Dünya Sağlık Örgütü (DSÖ), Nisan 2020’de aşının tüm ülkelere adil dağılımını sağlamak üzere Covax programını hayata geçirmişti. Covax ile bu yıl en az 2 milyar doz aşının ihtiyacı olan ülkelere dağıtılması hedefleniyor. Hedeflenen miktarın 1,3 milyar dozu aşıya erişimde en çok sorun yaşayan 92 ülkeye paylaştırılacak. Şimdiye kadar program kapsamında 142 ülkeye 237 milyon doz aşı sevk edildi. Bununla birlikte Covax programının sürdürülebilmesi için 38 milyar dolar fon gerekiyor. Ancak Ocak sonu itibariyla 11 milyar dolar fon toplanabildi.

Yaşanan son gelişmeler, gelişmiş ülkelerin salgını yalnızca kendi sınırları içinde bitirmekle sorunun aşılamayacağını fark ettiğini işaret ediyor. Covax programına uzunca bir süre yeterli fon aktarmayan zengin ülkeler, programa daha fazla destek olacaklarını açıkladılar. Şubat ayında G7 ülkeleri, Covax programına 7,5 milyar dolar bağışlayacağını açıkladı. Trump döneminde Dünya Sağlık Örgütü üyeliğinden ayrılan ABD, yeniden üye olacağını duyurdu. Biden, Covax programına 4 milyar dolar fon ayrılacağını açıkladı.

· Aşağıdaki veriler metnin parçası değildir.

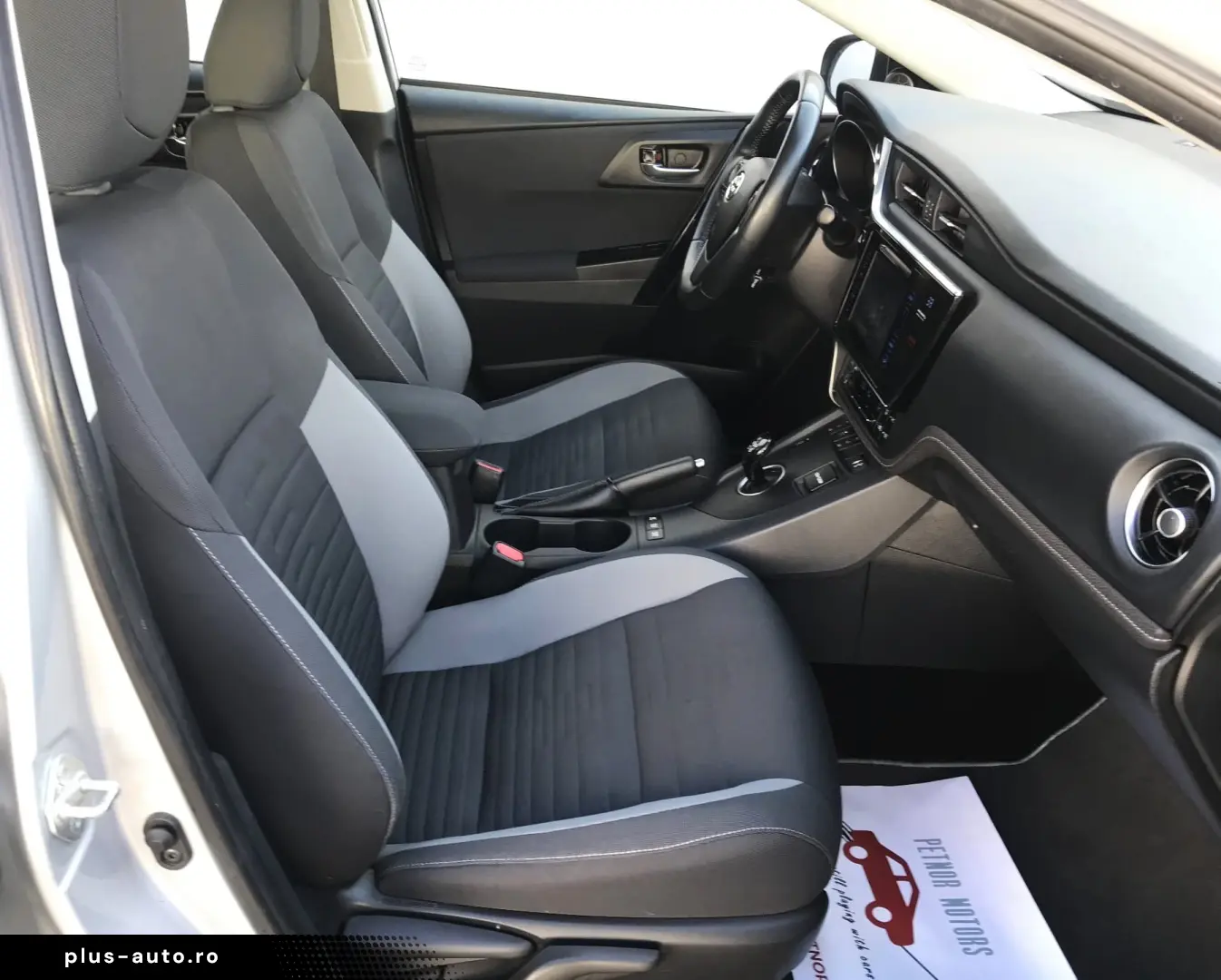 TOYOTA AURIS Touring Sports Business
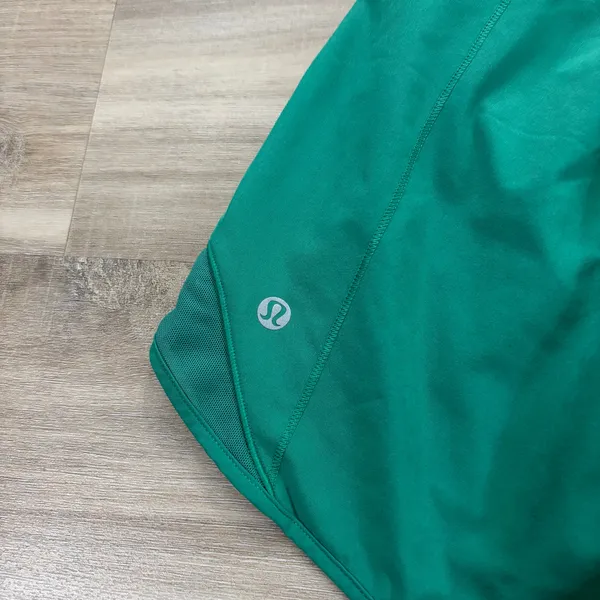 Lululemon Hotty Hot High-Rise Lined Short 4" Cascadia Green Women Size 6 - Image 4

ABD geçmişteki kriz tecrübelerinden hareketle pandemi krizinde gecikmeden likiditeyi artırmış ve ihtiyacı olan ülkelere aktarmıştı. Krizin etkilerini en aza indirmek için para basmanın maliyetine katlanması gerekiyordu. Aşıya yönelik erken hamleler de etkileri en aza indirmek için işe yarayabilirdi. Ancak uzun süre harekete geçilmedi. Covax programı başladıktan aylar sonra çalışmalara destek olmaya karar verildi.

Milletlerarası Ticaret Odası (ICC) tarafından yayınlanan çalışma aşıda adaletsiz dağılımın, adil dağılıma göre çok daha maliyetli olacağını gösteriyor. Çalışmaya göre aşı adaletsizliği küresel ekonomide 9,2 trilyon dolara kadar kayıp yaşanmasına yol açabilir. Aşıda adil dağılıma yanaşmayan zengin ülkelere maliyeti ise 4,5 trilyon doları bulabilir.

Bir tarafta daha adil dağıtılan aşı ve 27 milyar dolar fon açığı bulunan Covax programı, öte yanda adaletsiz dağıtımın 9.2 trilyon dolara varabilecek maliyeti… Programa destek olmak, gelişmiş ülkeler için ekonomik açıdan yeterince cazip görünüyor.

Bugün geldiğimiz noktada aşı ve diğer tıbbi ekipmanların eşit dağıtılmadığı sürece dünyada tam iyileşmenin mümkün olmadığını görüyoruz. Uluslararası sistemde her ülke kendi çıkarını öne koyduğu sürece küresel ölçekte fayda elde edilemez. Toplumsal bağışıklığın sağlanması için zengin ülkeler yoksul ülkelerin aşı maliyetlerini paylaşmak zorundadır. Ülkelerin ticaret ağlarıyla birbirine bağlı olduğu ve malların serbest dolaştığı bir dünyada her ülke sınırlarını güvenle açabildiği müddetçe ekonomik toparlanmadan söz edebiliriz. Her kıtada iyileşme için uluslararası işbirliğine ihtiyacımız var. Aksi takdirde küresel refah kaybı kaçınılmaz olacak.

Covid-19 salgınının yarattığı tahribat tartışılmaz bir gerçektir. Ancak salgın geçmiş hataların tekrarlanmaması için de bir fırsat sunuyor. Tüm insanlığı kapsayacak politikalara ihtiyacımız var. Yoksa pandemi küresel sistemdeki adaletsizliğin güncel bir örneği haline gelecek.